Short text fragments from websites:
# # # # #

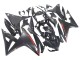 2016-2018 Honda CBR500R Motorcycle Fairings - Black Carbon Fiber Red Canada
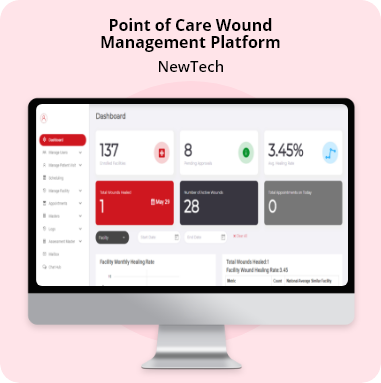 Point of Care Wound Management Platform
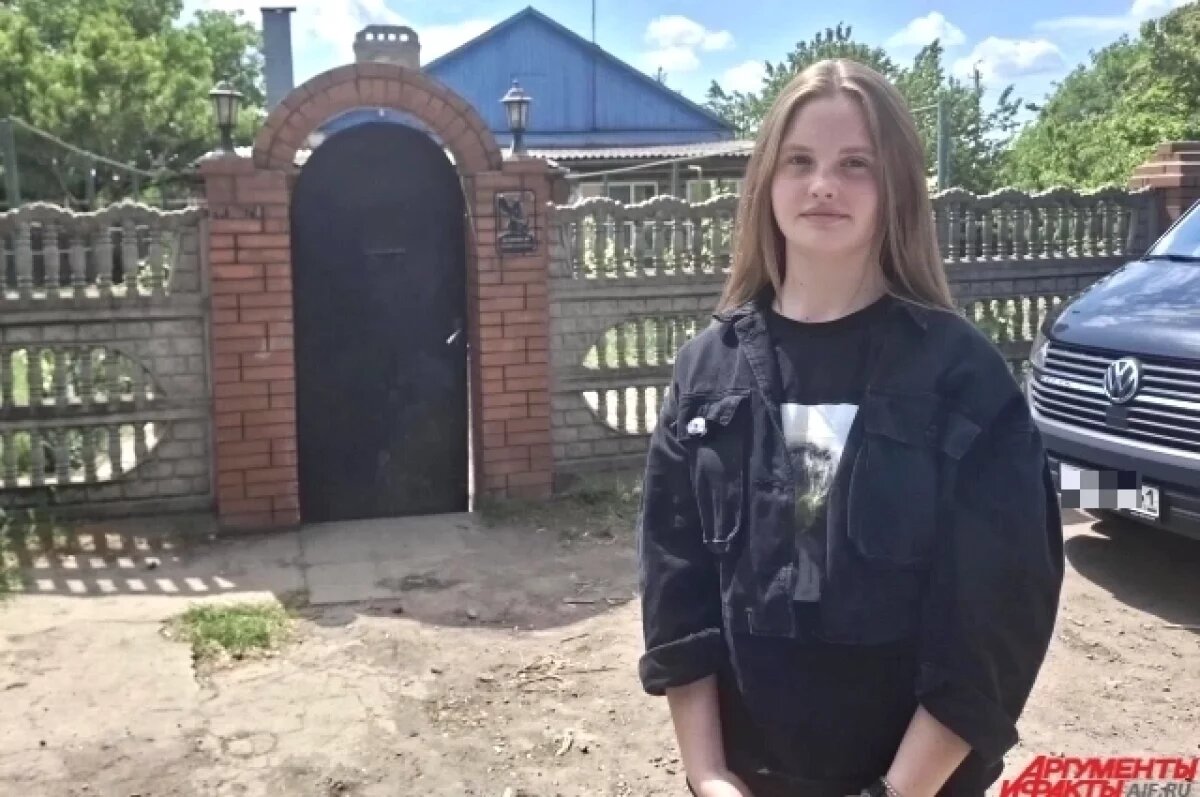    Здесь Маша Кравцова родилась и выросла.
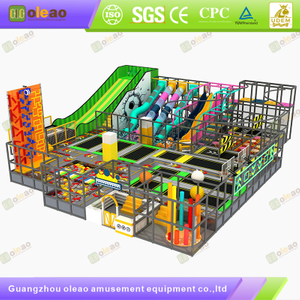 Custom Non-Standard Kids' Play Castle - Customized by Venue Size, Brand Logo Printable - For Chain Kids' Parks/Commercial Complexes - 90% Space Utilization, Free On-Site Survey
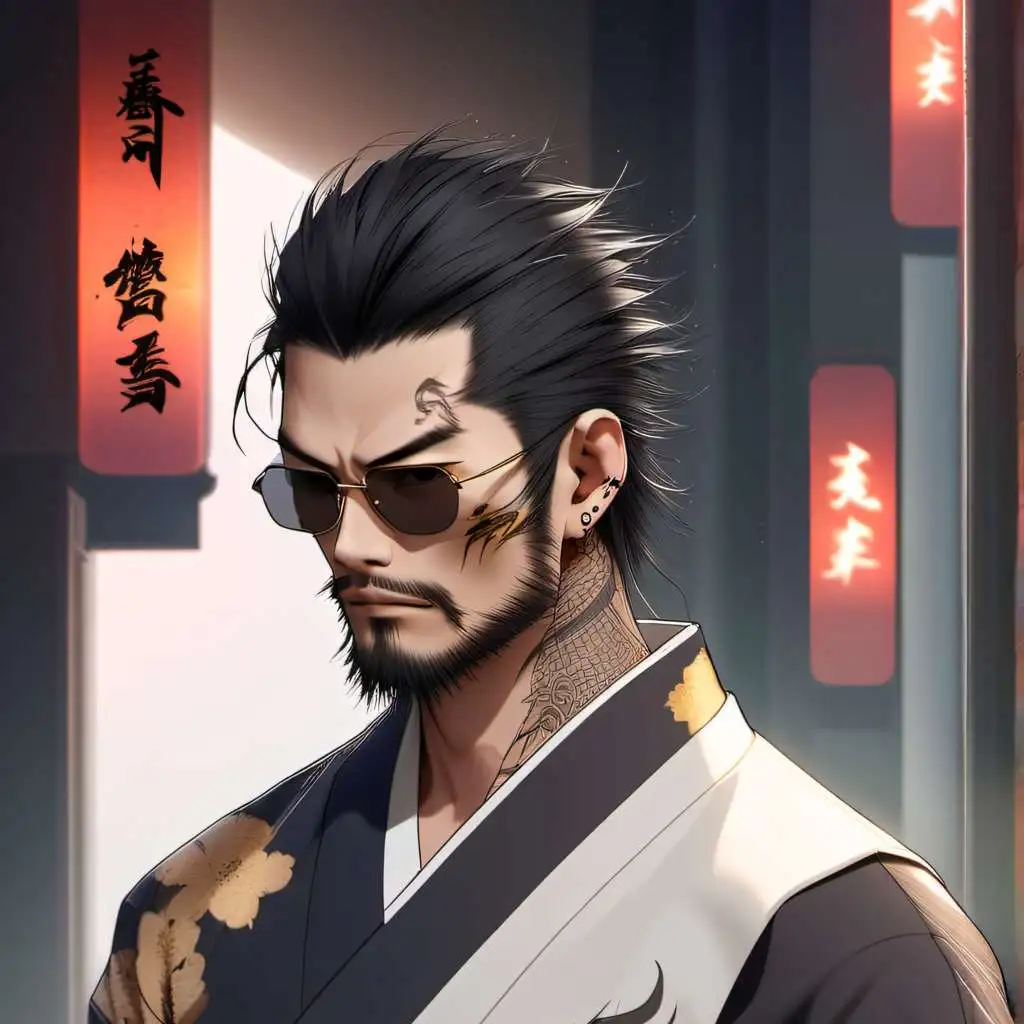 chat with ai character: Kenjiro Takuma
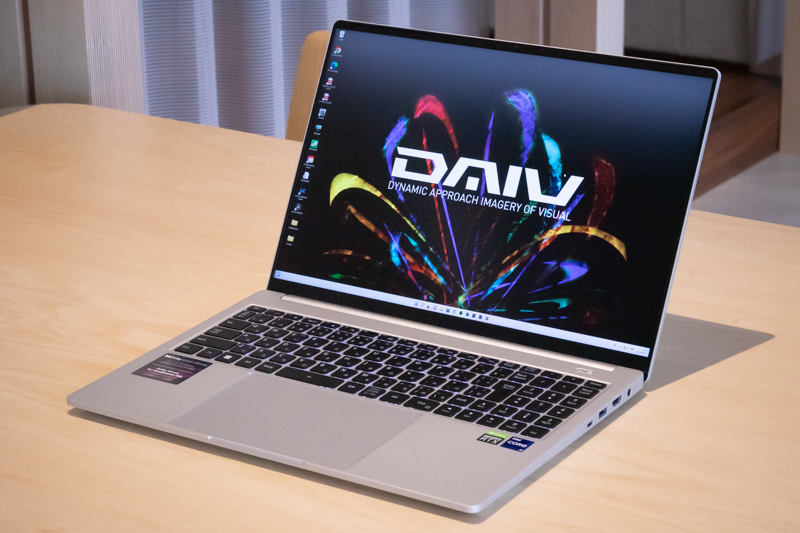 レビュー】写真・動画編集で求める性能とスタイリッシュさ「DAIV 6H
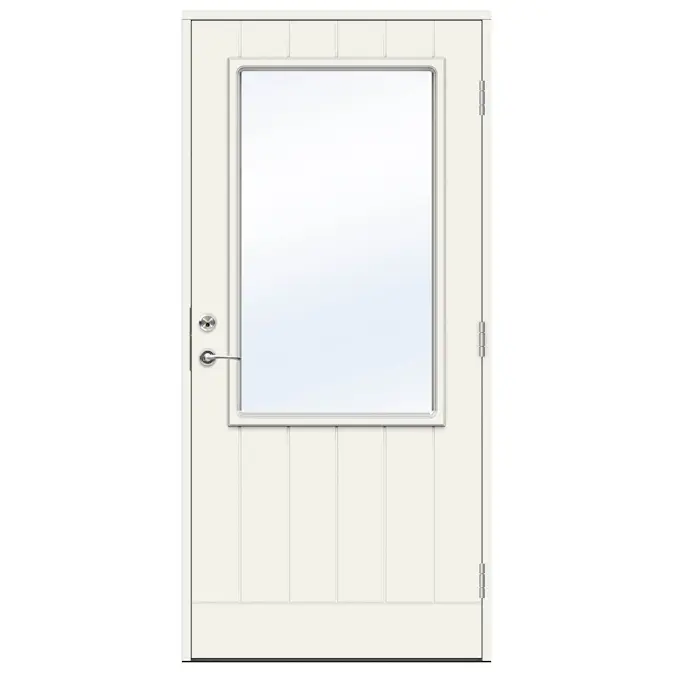 Ytterdør Swedoor Advance-Line Vision Lyra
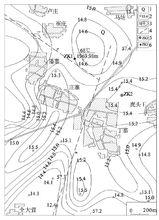 莊寨地區地熱地質圖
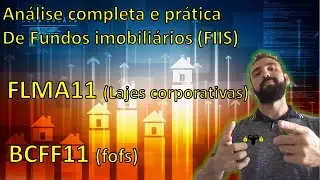 AN&Aacute;LISE COMPLETA DE FIIS (BCFF1 e FLMA11) - carteira p&uacute;blica doa&ccedil;&atilde;o - investir seguro e diversificar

# # # # #

### ABOUT THIS EXERCISE
Leave out each picture and extract the lines from the one containing "Point of Care Wound Management Platform" through the end of the records above, inclusive, exactly as they stand.

### YOUR SOLUTION
 Point of Care Wound Management Platform
    Здесь Маша Кравцова родилась и выросла.
 Custom Non-Standard Kids' Play Castle - Customized by Venue Size, Brand Logo Printable - For Chain Kids' Parks/Commercial Complexes - 90% Space Utilization, Free On-Site Survey
 chat with ai character: Kenjiro Takuma
 レビュー】写真・動画編集で求める性能とスタイリッシュさ「DAIV 6H
 Ytterdør Swedoor Advance-Line Vision Lyra
 莊寨地區地熱地質圖
 AN&Aacute;LISE COMPLETA DE FIIS (BCFF1 e FLMA11) - carteira p&uacute;blica doa&ccedil;&atilde;o - investir seguro e diversificar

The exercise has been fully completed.